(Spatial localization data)

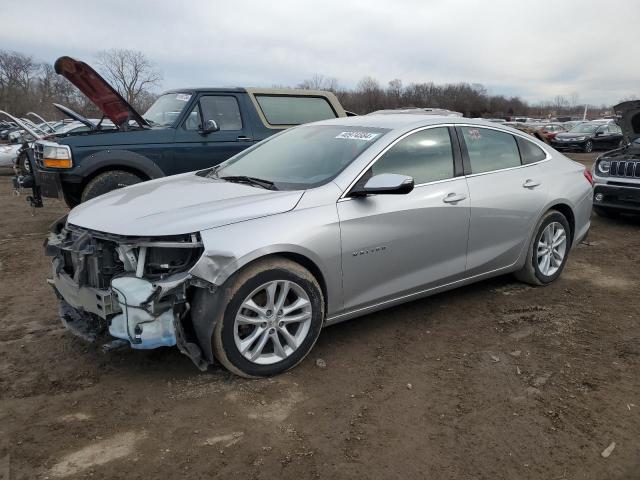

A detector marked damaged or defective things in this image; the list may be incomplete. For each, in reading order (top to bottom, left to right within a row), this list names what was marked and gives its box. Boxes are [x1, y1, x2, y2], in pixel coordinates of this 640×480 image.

damaged front end [48, 216, 212, 370]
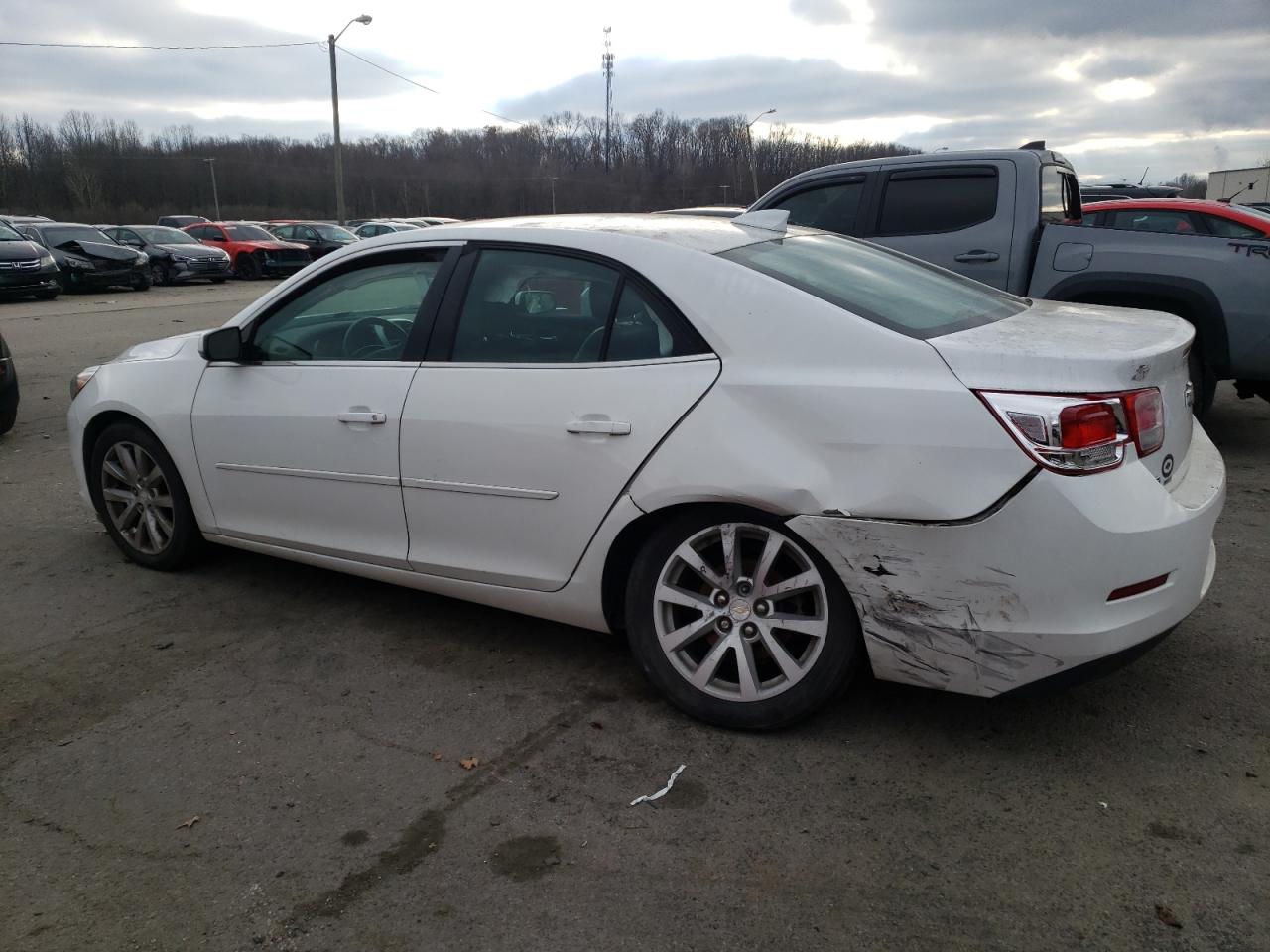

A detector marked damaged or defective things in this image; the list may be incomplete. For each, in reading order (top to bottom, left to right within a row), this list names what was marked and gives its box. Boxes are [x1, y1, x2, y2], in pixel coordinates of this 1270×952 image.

damaged vehicle [17, 222, 151, 292]
cracked asphalt [0, 284, 1262, 952]
damaged vehicle [66, 210, 1222, 730]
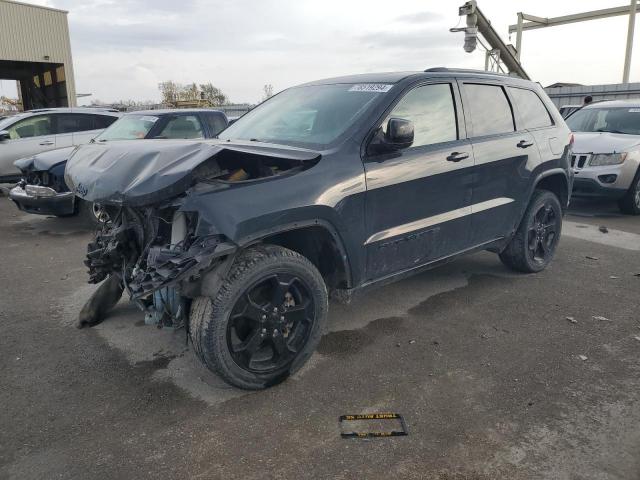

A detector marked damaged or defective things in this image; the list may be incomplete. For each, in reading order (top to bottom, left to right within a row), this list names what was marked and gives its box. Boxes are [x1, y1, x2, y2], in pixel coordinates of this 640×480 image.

detached bumper piece [9, 184, 74, 216]
crumpled hood [13, 147, 77, 175]
crumpled hood [65, 139, 320, 206]
crumpled hood [568, 131, 640, 154]
damaged front end [69, 139, 320, 330]
detached bumper piece [127, 235, 235, 298]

--- PROBLEM TO SOLVE ---
Quote the records in their entirety, keeping the wording exact and excluding pictures.

--- WORKED SOLUTION ---
A detector marked damaged or defective things in this image; the list may be incomplete. For each, in reading order (top to bottom, left to right within a row), this list names what was marked and gives its box. Boxes are [x1, y1, x2, y2], in pixel coordinates of this 640×480 image.

damaged front end [48, 216, 212, 370]

A detector marked damaged or defective things in this image; the list may be incomplete. For each, in reading order (top to bottom, left to right within a row), this list names what was marked and gives its box. Boxes are [x1, y1, x2, y2], in pixel coordinates of this 1270×952 image.

damaged vehicle [17, 222, 151, 292]
cracked asphalt [0, 284, 1262, 952]
damaged vehicle [66, 210, 1222, 730]

A detector marked damaged or defective things in this image; the list may be incomplete. For each, in reading order (top to bottom, left to right within a row), this list names what was marked and gives its box. Boxes are [x1, y1, x2, y2], in pixel coordinates of this 640×480 image.

detached bumper piece [9, 184, 74, 216]
crumpled hood [13, 147, 77, 175]
crumpled hood [65, 139, 320, 206]
crumpled hood [568, 131, 640, 154]
damaged front end [69, 139, 320, 330]
detached bumper piece [127, 235, 235, 298]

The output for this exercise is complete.